In addition to pre-salt, Petrobras invests domestically in post-salt offshore developments, onshore concessions, natural gas exploration and development and five new refineries. Of its target production of 5.7 million BOE per day in 2020, 5 million will come from Brazil.

Subsalt to pre-salt

Houston-based Anadarko Petroleum Corp. was the first operator to join Petrobras at the pre-salt party. The U.S. company drilled its Wahoo discovery in 2008 in the Campos Basin on Block BM-C-30. It encountered 195 feet of high-quality, carbonate reservoir, similar to that reported in Petrobras’ pre-salt discoveries.

Anadarko and its predecessors had been active offshore Brazil for a number of years. Some of the company’s blocks in the Campos and Espírito Santo basins were awarded in 2004 in ANP’s 6th round. In total, it holds interests in seven exploration blocks that cover approximately 1 million gross acres.

“When we came into these basins, everyone had a gleam in their eye about pre-salt, but the big reservoir risk had not been resolved,” says Frank Patterson, vice president of international exploration. “We knew there was a pre-salt opportunity in the Wahoo block in particular, but it was extremely high-risk.”

Commercial targets were post-salt. The company drilled two post-salt prospects for the initial commitment wells on blocks BM-C-30 and BM-C-32. (Anadarko operates the former and its partner, Devon Energy Corp., operates the latter.) What it found were excellent reservoir rocks on well-defined structures, but no hydrocarbon charge.

“The oil was all trapped below the salt,” says Patterson.

After Tupi was discovered, Anadarko went after the pre-salt on its concessions.

The company already had extensive experience in the subsalt Gulf of Mexico play, but the two plays have distinct geological differences. In Brazil’s pre-salt trend, the deeper sediments were formed before the salt was deposited. In the Gulf of Mexico’s subsalt, the salt moved above younger sediments. Reservoirs in the Gulf are primarily sandstones, while those in Brazil are carbonates.

“The salt in Brazil is also much better behaved.

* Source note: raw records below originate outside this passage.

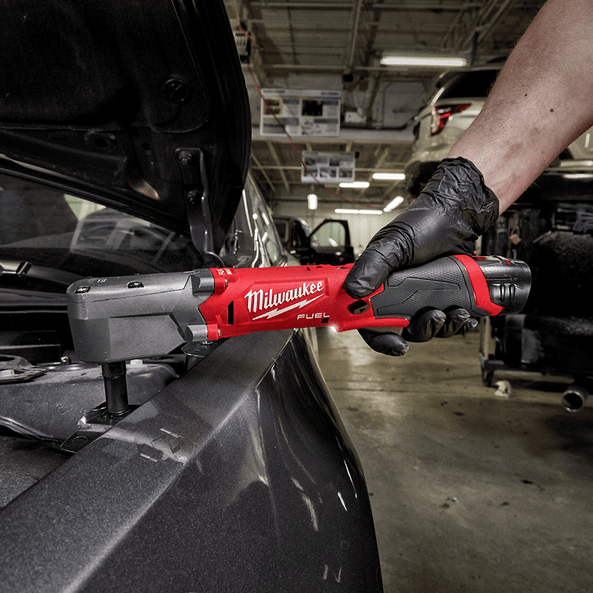 12V 1/2" Right Angle Impact Wrench Bare (Tool Only) M12FRAIWF12-0 by Milwaukee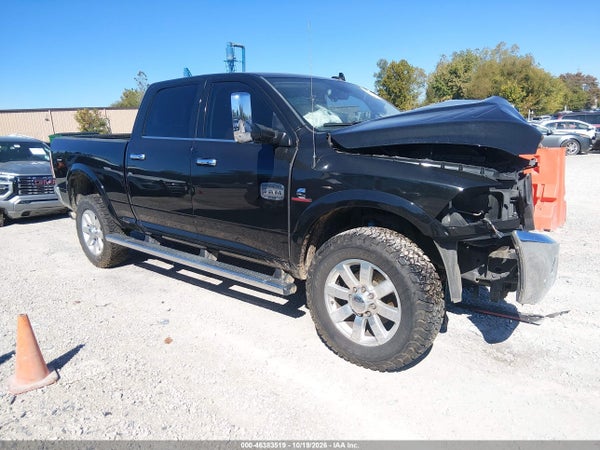 2018 RAM 2500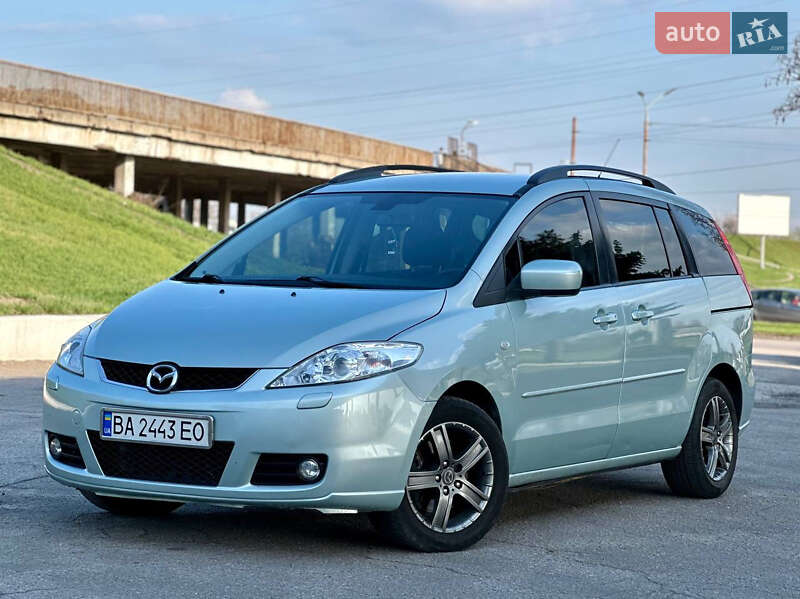 Mazda 5 (2007)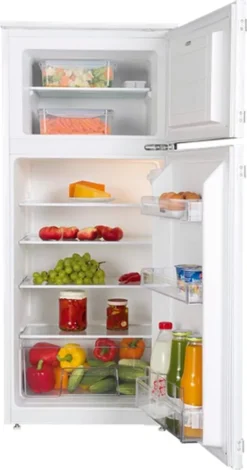 Amica EKGC 16160 Kühl-Gefrierkombinationen - Weiß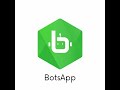BotsApp Demo Video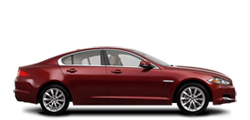 Jaguar XFR седан 2011-2015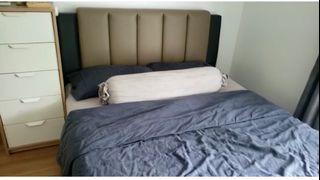 Bed and Mattress
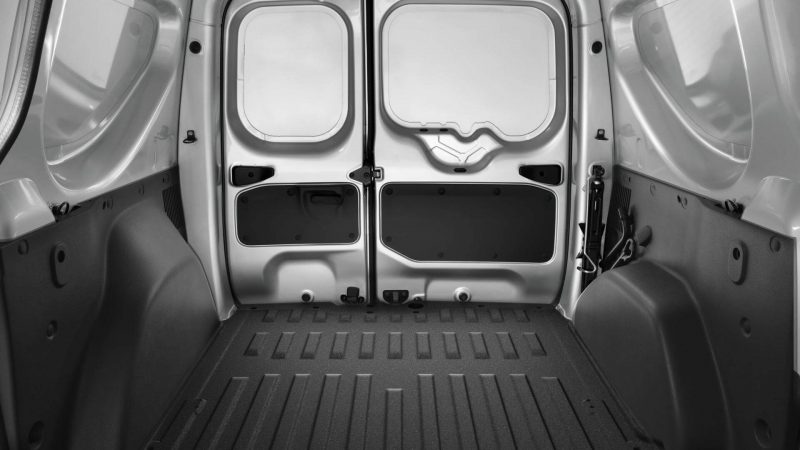 Салон Renault Dokker Van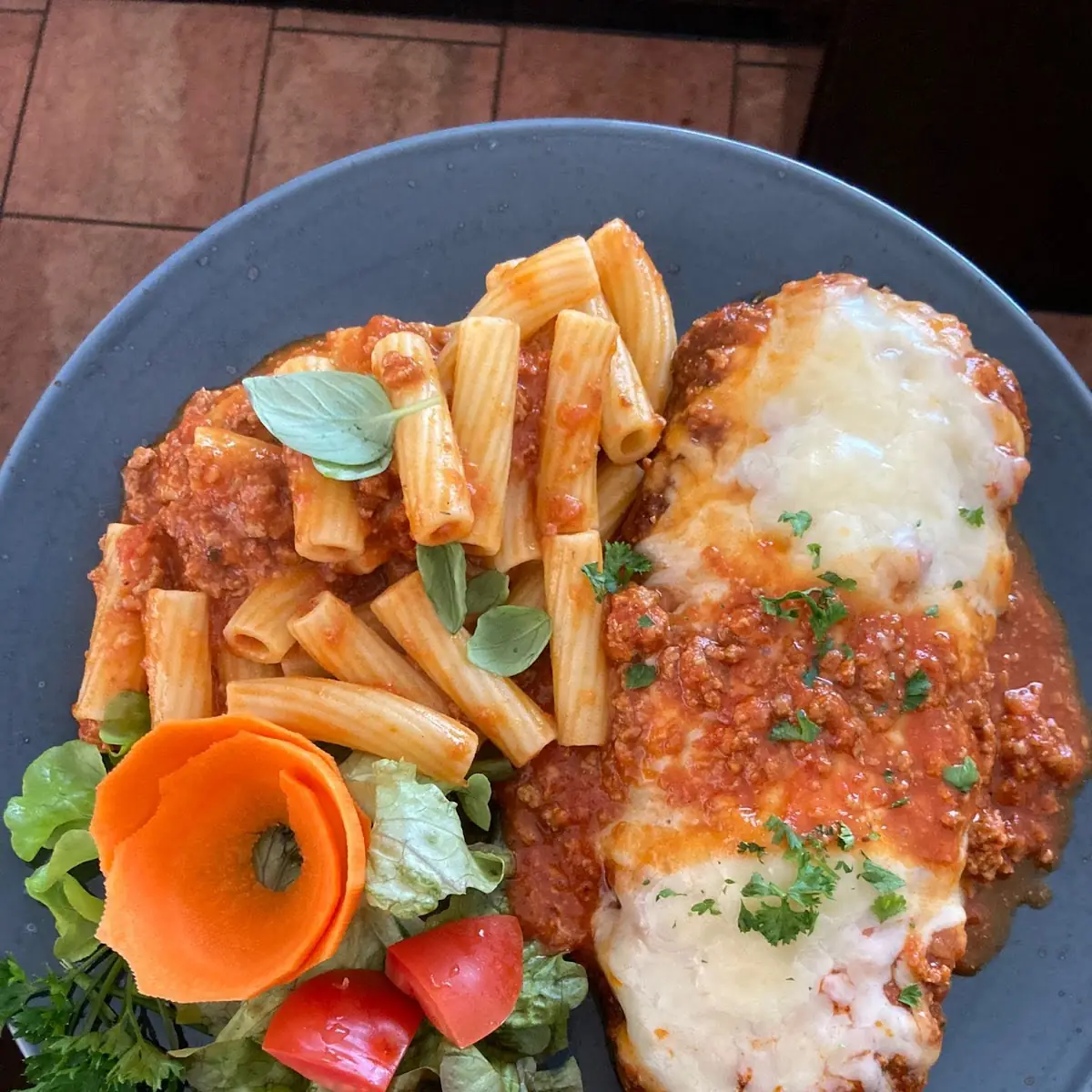 Milanesa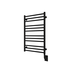 Tuzio Sorano Electric Hardwired 19.5" W x 31" H Towel Warmer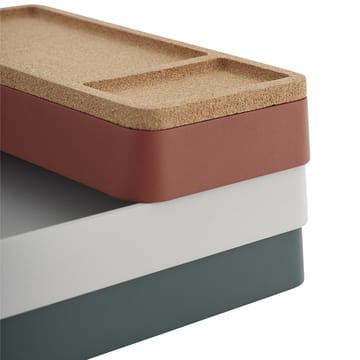 Arrange Desktop pokrywa 12x24 cm - Cork - Muuto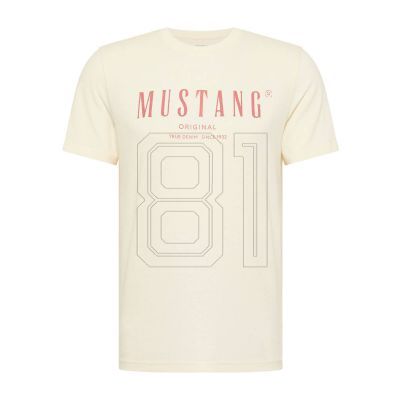 Mustang Alex C Print T-Shirt M 1013802-8001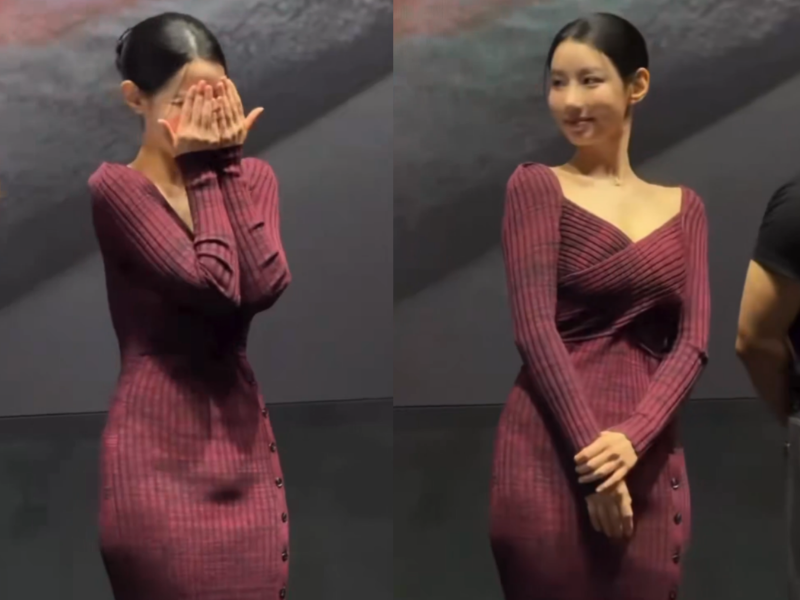 아버지 또 졸도하실라... 노출 코스프레 SNL 검스녀 이후 또 민망 의상 논란 처음과 다르게 번졌다 이미지 4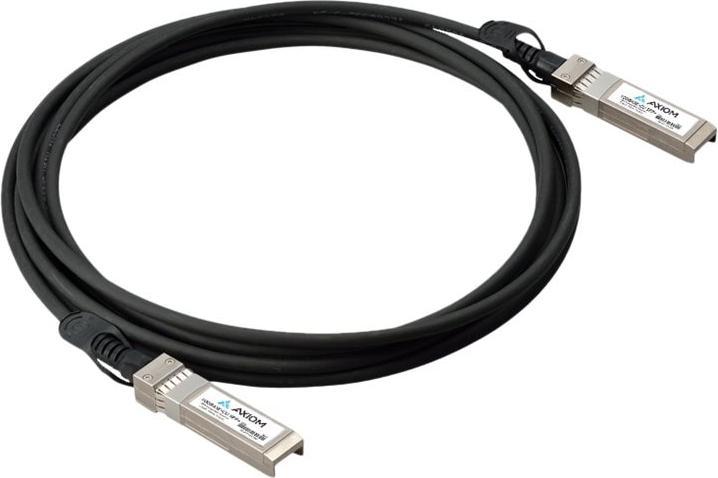 Actual product image Extreme Networks 10G-DACP-SFPZ5M, 0.5 m, SFP+, SFP+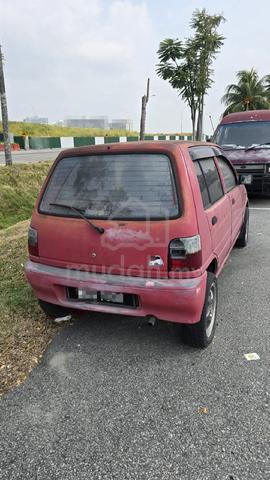 1995 Perodua KANCIL 0.7 660 GX (M) - 3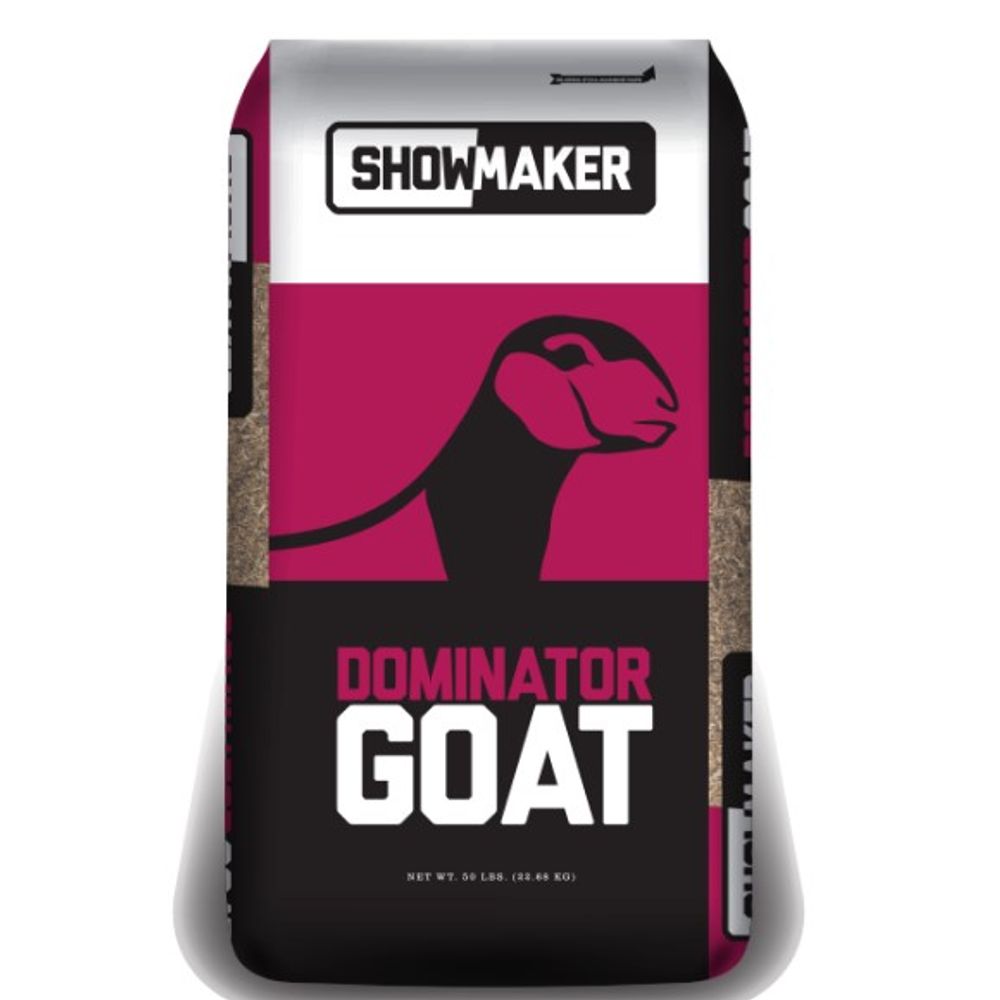 ShowMaker, Show Goat A.P. 16%, 50 lb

It doesn’t have as much deformation, so the seismic imaging is a little better than in the Gulf of Mexico,” says Patterson.

Relevant technologies that do cross into both plays include seismic processing and imaging techniques and drilling and operational practices. The Brazilian wells are some 10,000 feet shallower than the 30,000-foot-plus depths now common in the Gulf of Mexico, but the Brazilian rocks are much harder. Penetration rate and bit selection are paramount.

“It’s flat-out slow drilling at times,” says Greg Hebertson, Anadarko’s exploration manager for Brazil. Each Campos Basin well can require 90 to 140 days to drill, and daily operational rates typically run $800,000 to $1 million a day.

Another key difference: pre-salt fields in Brazil can contain billions of barrels. A good-sized Gulf of Mexico reservoir might cover thousands of acres; in Brazil, a good-sized reservoir spans tens of thousands of acres. “Pay thicknesses in Brazil are less than in the Gulf of Mexico, but the areal extent in Brazil can be much greater,” says Patterson.

Wahoo, like other finds in Brazil’s pre-salt, has phenomenal scale. In November 2009, Anadarko’s Wahoo #2 appraisal/exploration well confirmed that the main pay section extended at least five miles north of the discovery.

Anadarko now has interests in another discovery, in adjacent Block BM-C-32, 16 miles north of Wahoo. The Itaipu prospect, operated by Devon Energy, intersected more than 90 net feet of oil pay in a high-quality, pre-salt reservoir. It was drilled in 4,400 feet of water to a total depth of approximately 16,300 feet.

“Each of our blocks is equivalent in size to 30 Gulf of Mexico blocks,” says Hebertson. “It’s a huge area, and we have already proved up hydrocarbon accumulations across some 16 miles.”

For Anadarko, as for the other pre-salt participants, the key question going forward is how many wells it will take to efficiently drain the resources. “We think our reservoirs are similar to those described elsewhere in the pre-salt trend,” says Hebertson.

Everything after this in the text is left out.